Scraped caption text data
········

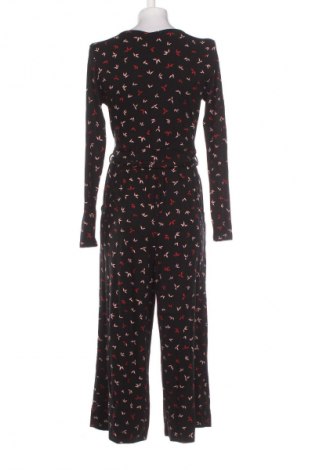 Dámský dlouhý overal Editor's Cut, Velikost M, Barva Vícebarevné, Cena  449,00 Kč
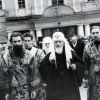 Пасха Победы (Пасха Победы) Пасха Победы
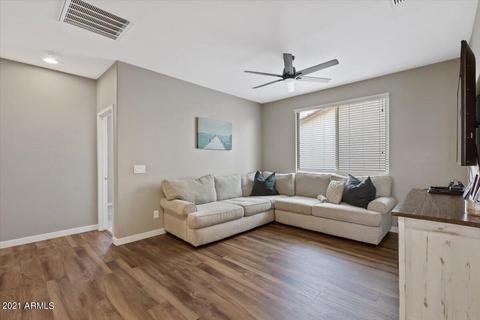 9723 E Torino Ave, Mesa, AZ 85212 photo 24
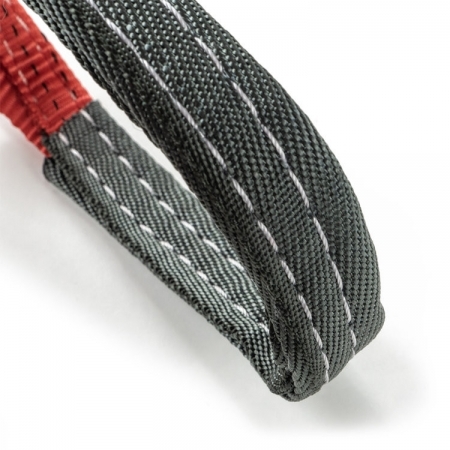 Strap da traino 2.800Kg 9m x 2.5cm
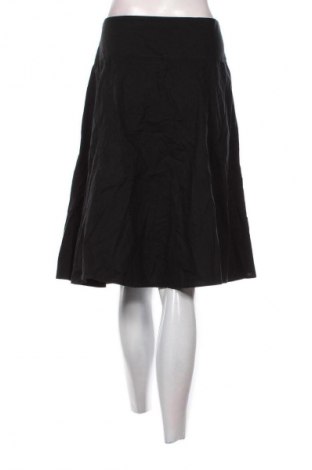 Φούστα Mexx, Μέγεθος M, Χρώμα Μαύρο, Τιμή 26,99 €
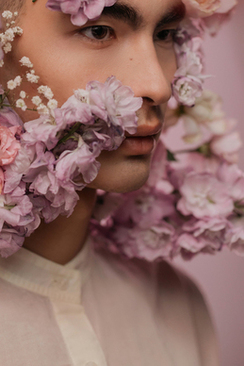 新娘妆如何挑选化妆师 应该如何选择婚礼化妆师?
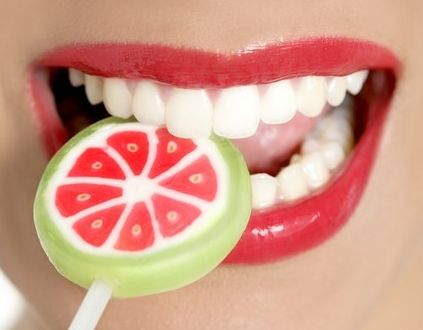 蘇州大腿吸脂醫(yī)院哪家好？專業(yè)醫(yī)生推薦的蘇州大腿吸脂醫(yī)院排行榜！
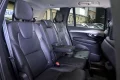 Thumbnail 18 del Volvo XC 90 XC90 2.0 B5 D AWD Momentum Pro Auto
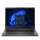 Laptop ACER TravelMate P2 Core 5-120U/16GB/512/Win11 Pro NBD TMP216-51 || NX.B6SEP.004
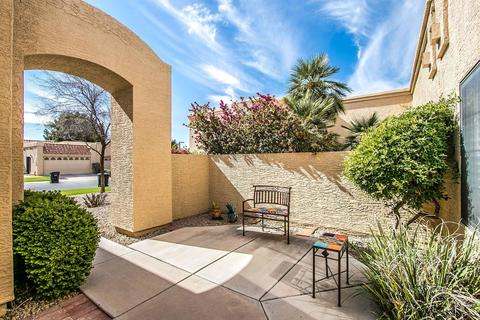 5505 E Mclellan Rd #4, Mesa, AZ 85205 photo 3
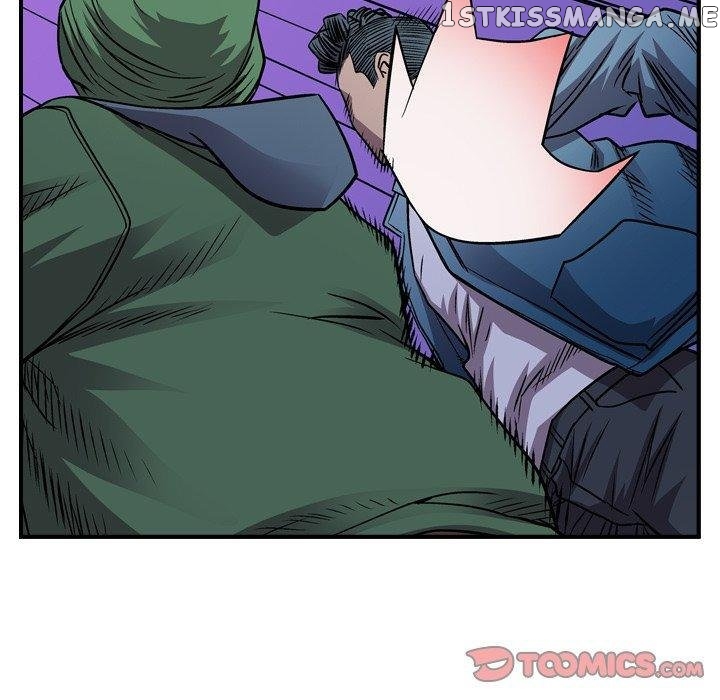 Legend: The Beginning chapter 134 - page 102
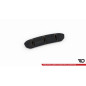 Sottoparaurti posteriore Mercedes-Benz E63 AMG FAMILIARE S213 (Cod. M-ME-E-213-63-ES-RS1G)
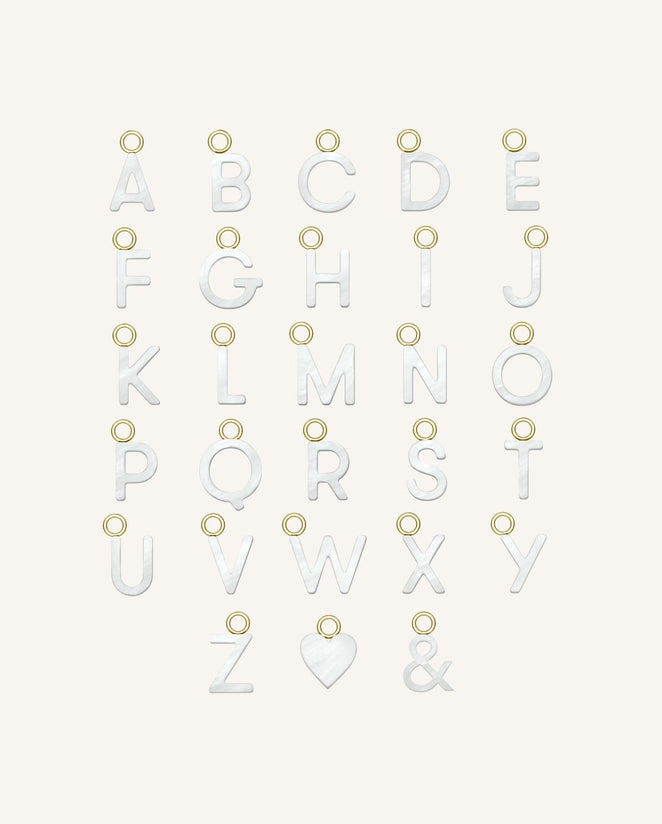 JHOLG-J546_P, rightcolumn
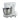Multipraktik Gorenje MMC800WS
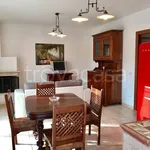 Rent 2 bedroom apartment of 60 m² in Tagliacozzo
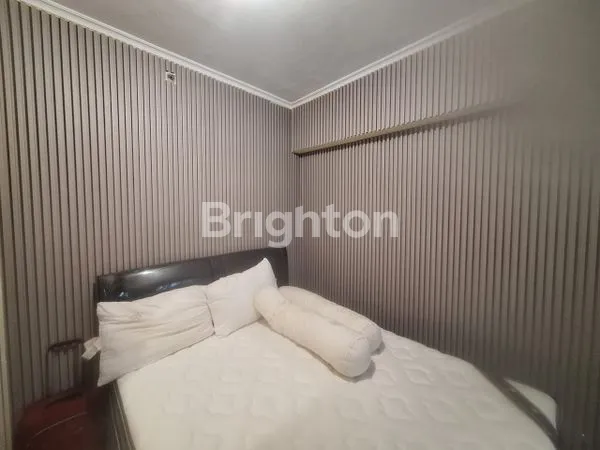 image APARTEMEN SIAP HUNI LOKASI SANGAT STRATEGIS (2)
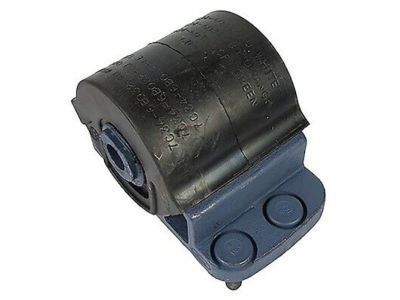 Ford 7C3Z-6038-AC Insulator Assembly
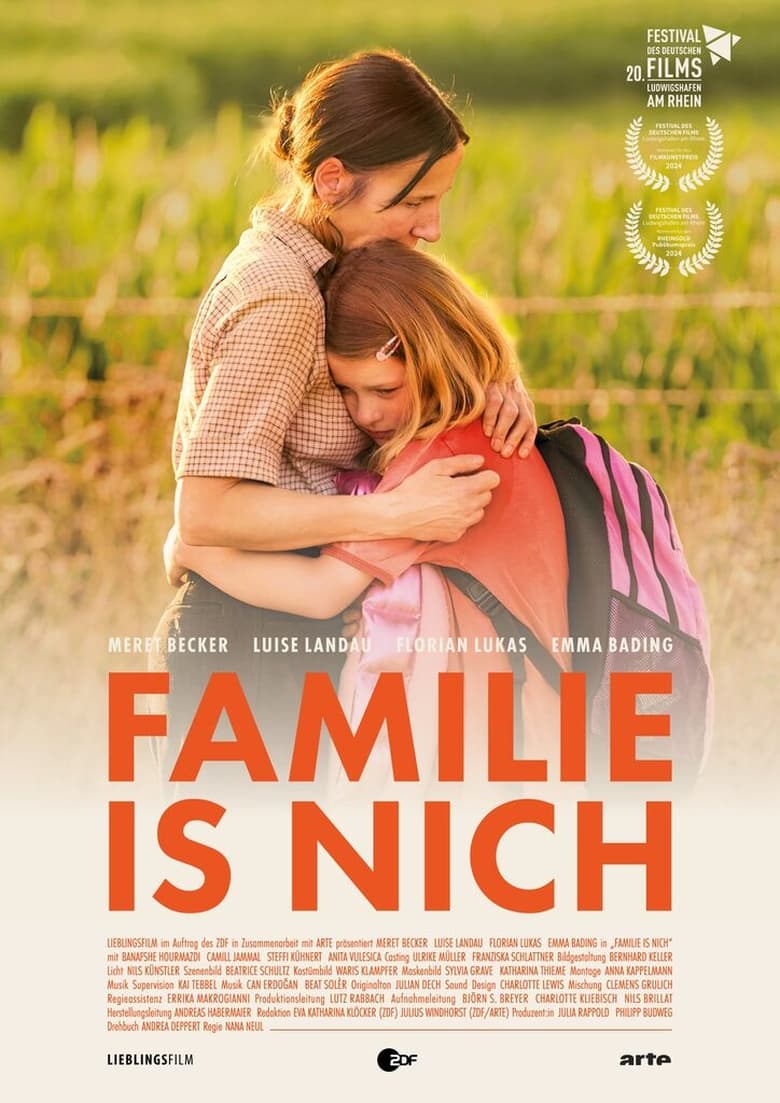 affiche du film Fortes têtes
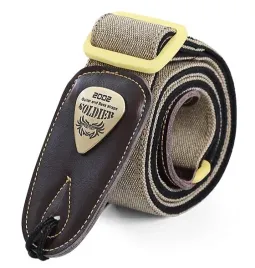 pas-do-gitary-basu-pasek-5cm-93-153cm-khaki-jeans-regulowany-mocny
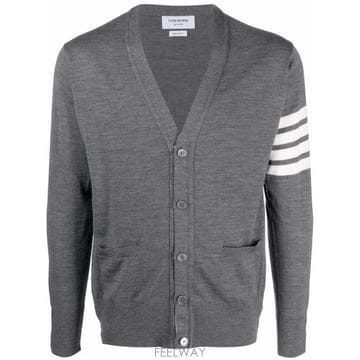 Thom Browne �δ��� THOM BROWNE ����� �׷��� ������δ��� THOM BROWNE ����� �׷��� �����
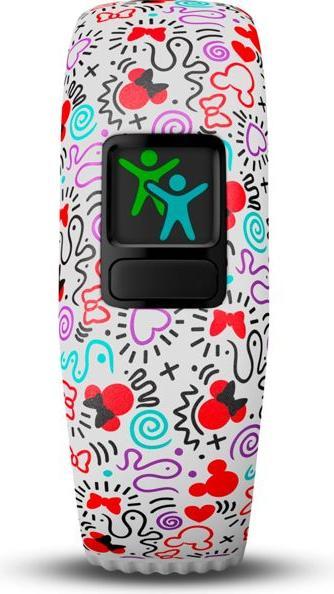 Produktbild Garmin Vivofit jr. 2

········

What you are asked to do:
Among the entries above, find the line with "9723 E Torino Ave, Mesa, AZ 85212 photo 24" and repeat exactly from there through the line with "Laptop ACER TravelMate", leaving out the pictures.

Answer space:
 9723 E Torino Ave, Mesa, AZ 85212 photo 24
 Strap da traino 2.800Kg 9m x 2.5cm
 Φούστα Mexx, Μέγεθος M, Χρώμα Μαύρο, Τιμή 26,99 €
 新娘妆如何挑选化妆师 应该如何选择婚礼化妆师?
 蘇州大腿吸脂醫(yī)院哪家好？專業(yè)醫(yī)生推薦的蘇州大腿吸脂醫(yī)院排行榜！
 Thumbnail 18 del Volvo XC 90 XC90 2.0 B5 D AWD Momentum Pro Auto
 Laptop ACER TravelMate P2 Core 5-120U/16GB/512/Win11 Pro NBD TMP216-51 || NX.B6SEP.004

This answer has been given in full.